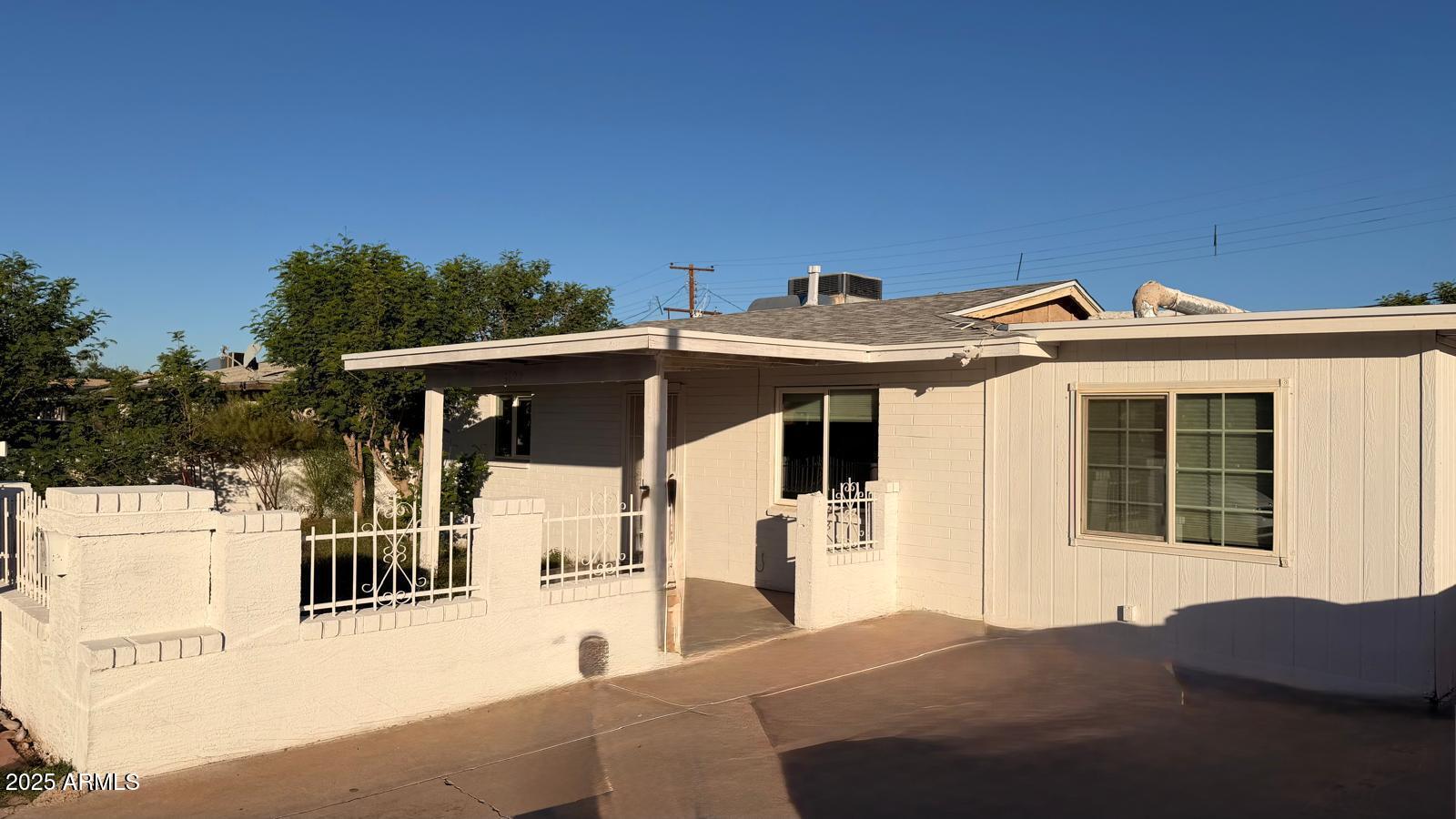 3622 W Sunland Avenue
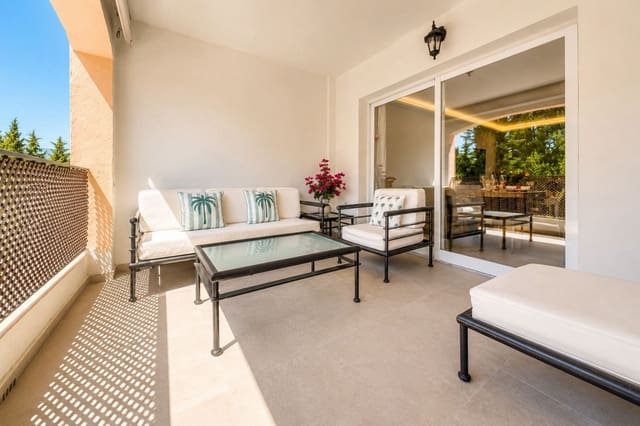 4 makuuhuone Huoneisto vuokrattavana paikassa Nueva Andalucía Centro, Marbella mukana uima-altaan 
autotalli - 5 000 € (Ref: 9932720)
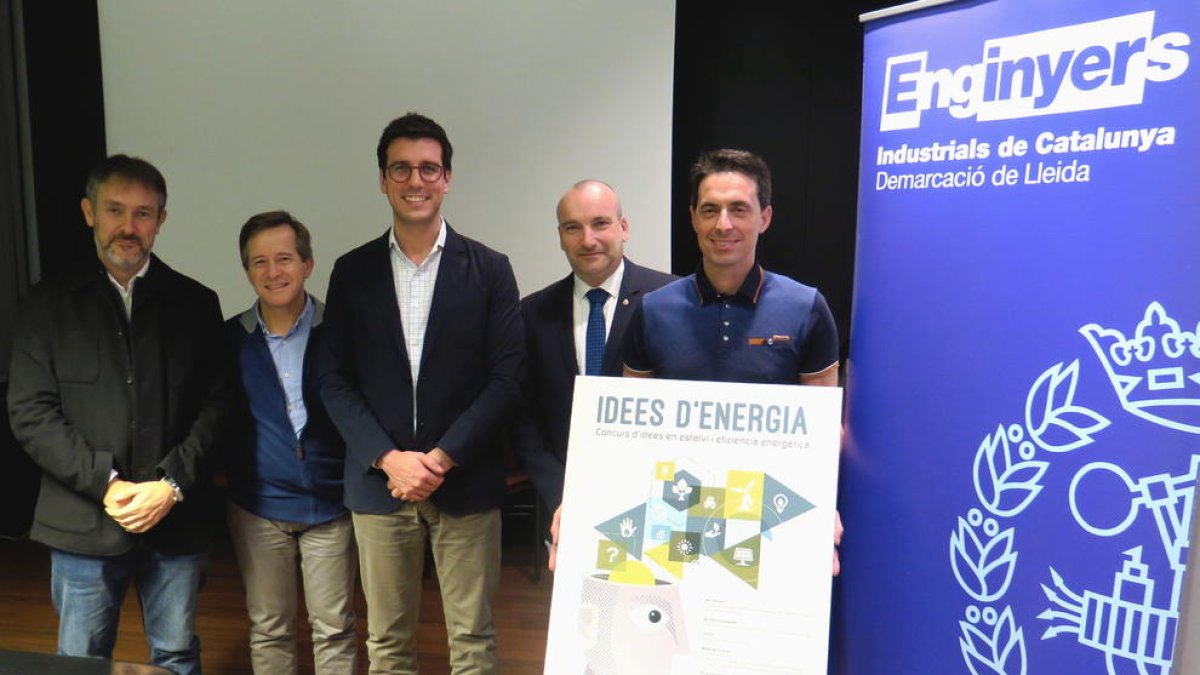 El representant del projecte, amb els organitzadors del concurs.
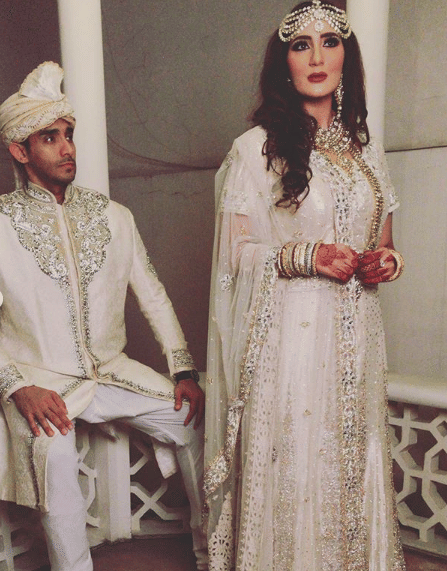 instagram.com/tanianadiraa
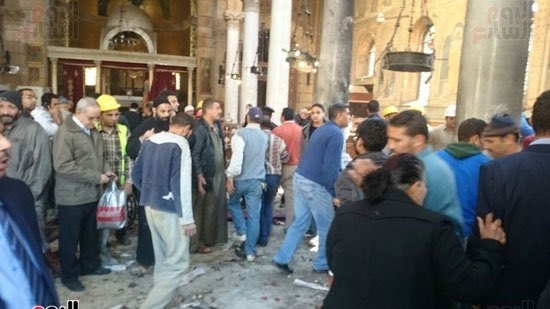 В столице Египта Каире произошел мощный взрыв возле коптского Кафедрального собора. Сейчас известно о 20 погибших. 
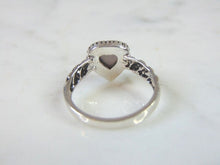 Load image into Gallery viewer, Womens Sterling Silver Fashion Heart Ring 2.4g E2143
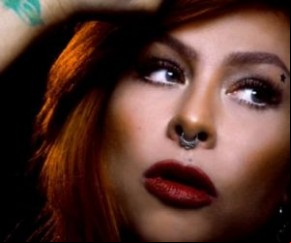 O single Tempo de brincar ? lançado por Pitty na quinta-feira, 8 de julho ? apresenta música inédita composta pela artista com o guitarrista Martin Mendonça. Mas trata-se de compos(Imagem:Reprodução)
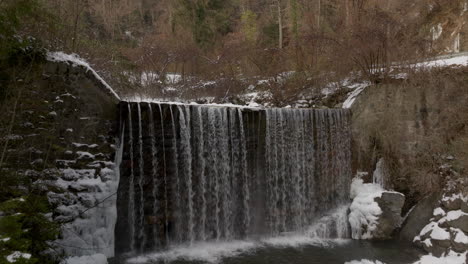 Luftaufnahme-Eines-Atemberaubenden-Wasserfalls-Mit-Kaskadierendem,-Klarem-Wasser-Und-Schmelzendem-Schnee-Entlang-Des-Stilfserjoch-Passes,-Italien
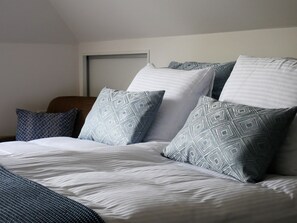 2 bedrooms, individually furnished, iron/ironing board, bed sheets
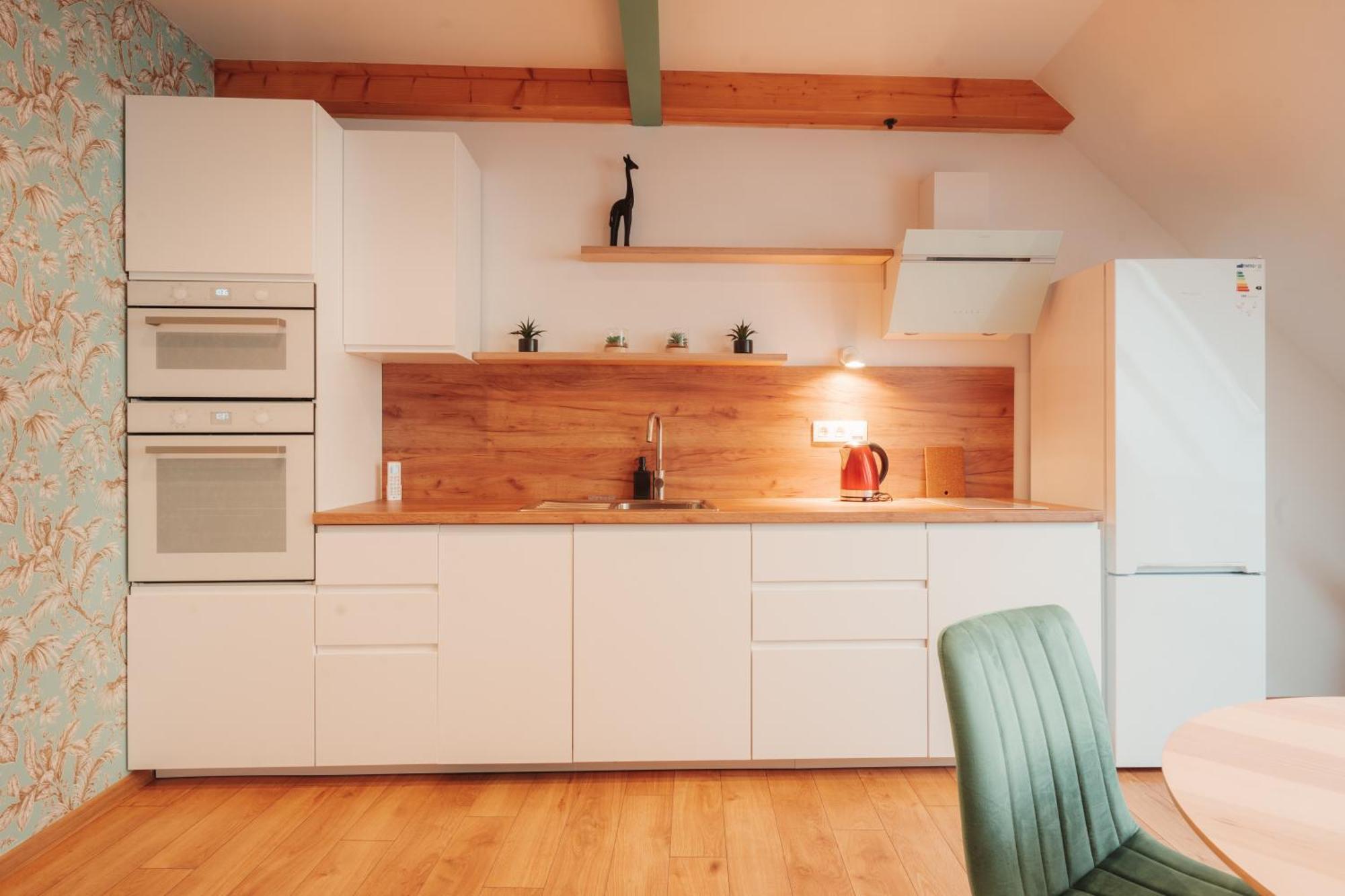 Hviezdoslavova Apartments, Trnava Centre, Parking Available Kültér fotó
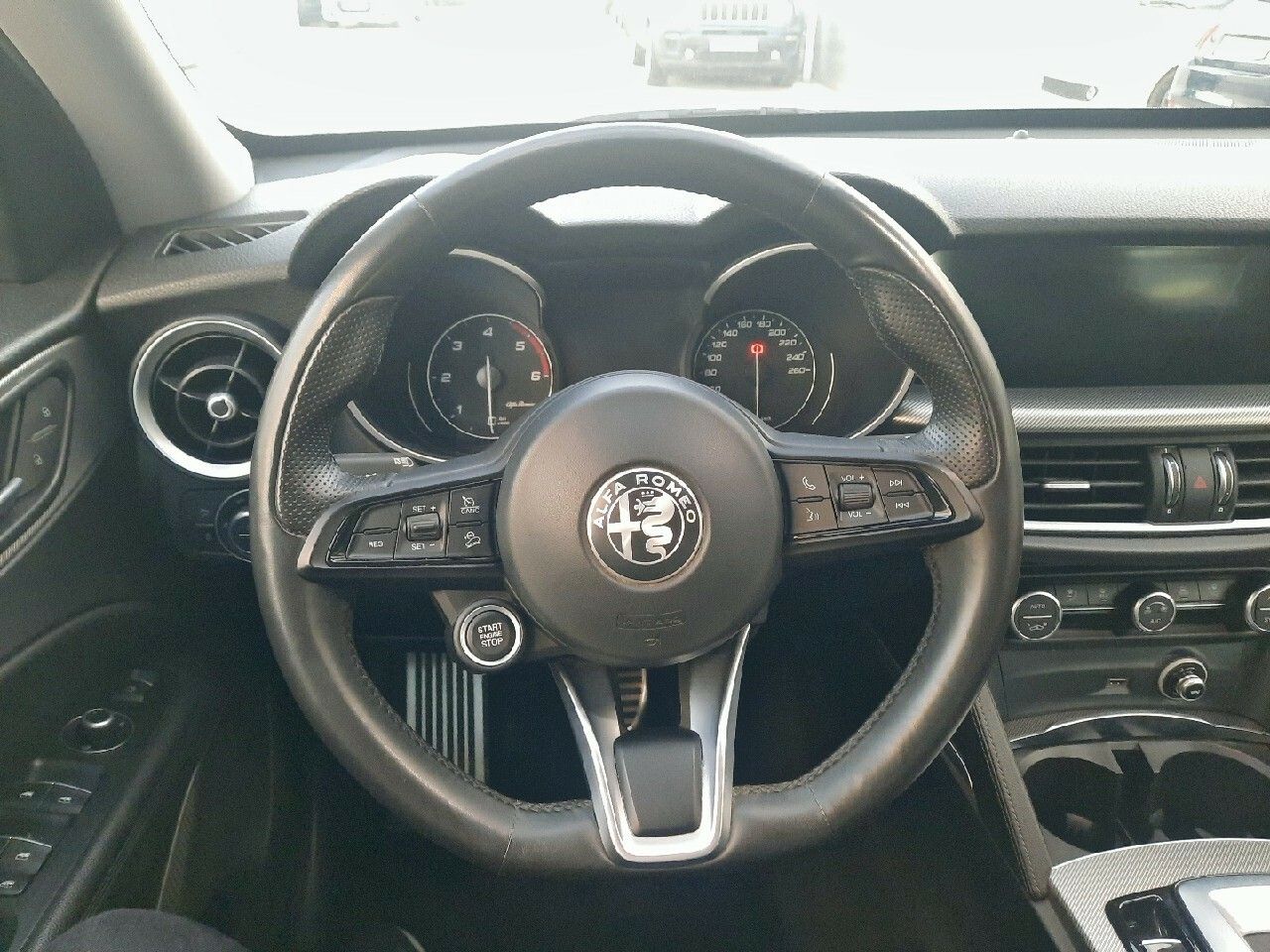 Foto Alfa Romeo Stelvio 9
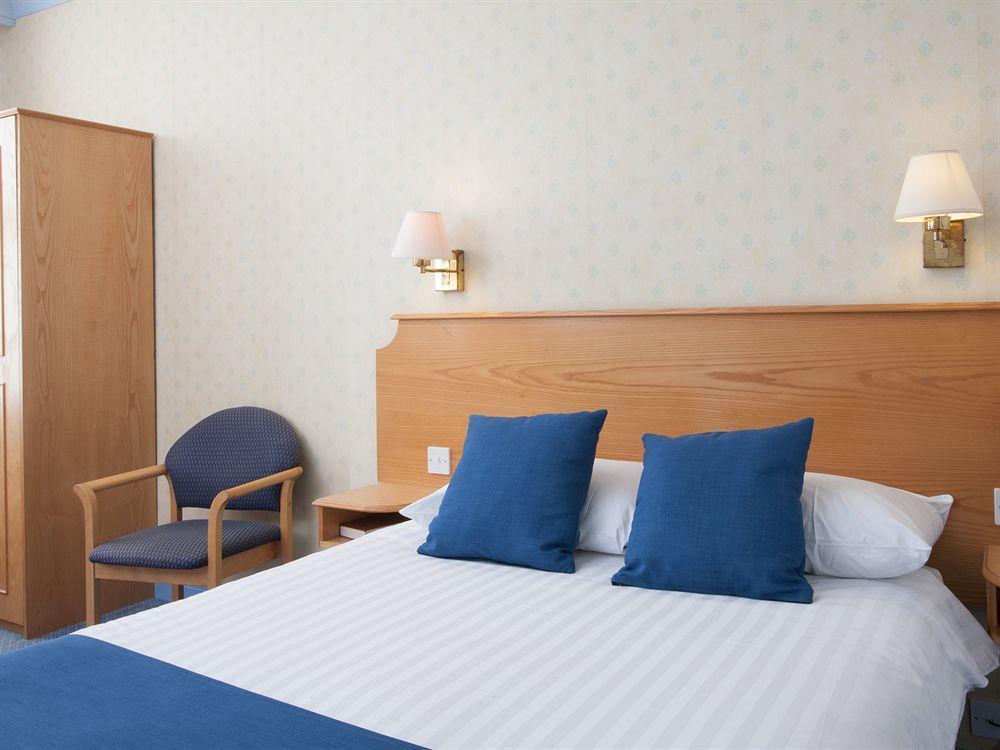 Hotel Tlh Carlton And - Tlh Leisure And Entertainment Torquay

◆ ◆ ◆

→ Requirement
Only the records themselves, retyped exactly, belong in the answer; please leave all images behind.

→ Output of the task
 3622 W Sunland Avenue
 4 makuuhuone Huoneisto vuokrattavana paikassa Nueva Andalucía Centro, Marbella mukana uima-altaan 
autotalli - 5 000 € (Ref: 9932720)
 El representant del projecte, amb els organitzadors del concurs.
 instagram.com/tanianadiraa
 В столице Египта Каире произошел мощный взрыв возле коптского Кафедрального собора. Сейчас известно о 20 погибших. 
 Load image into Gallery viewer, Womens Sterling Silver Fashion Heart Ring 2.4g E2143
 O single Tempo de brincar ? lançado por Pitty na quinta-feira, 8 de julho ? apresenta música inédita composta pela artista com o guitarrista Martin Mendonça. Mas trata-se de compos(Imagem:Reprodução)
 Luftaufnahme-Eines-Atemberaubenden-Wasserfalls-Mit-Kaskadierendem,-Klarem-Wasser-Und-Schmelzendem-Schnee-Entlang-Des-Stilfserjoch-Passes,-Italien
 2 bedrooms, individually furnished, iron/ironing board, bed sheets
 Hviezdoslavova Apartments, Trnava Centre, Parking Available Kültér fotó
 Foto Alfa Romeo Stelvio 9
 Hotel Tlh Carlton And - Tlh Leisure And Entertainment Torquay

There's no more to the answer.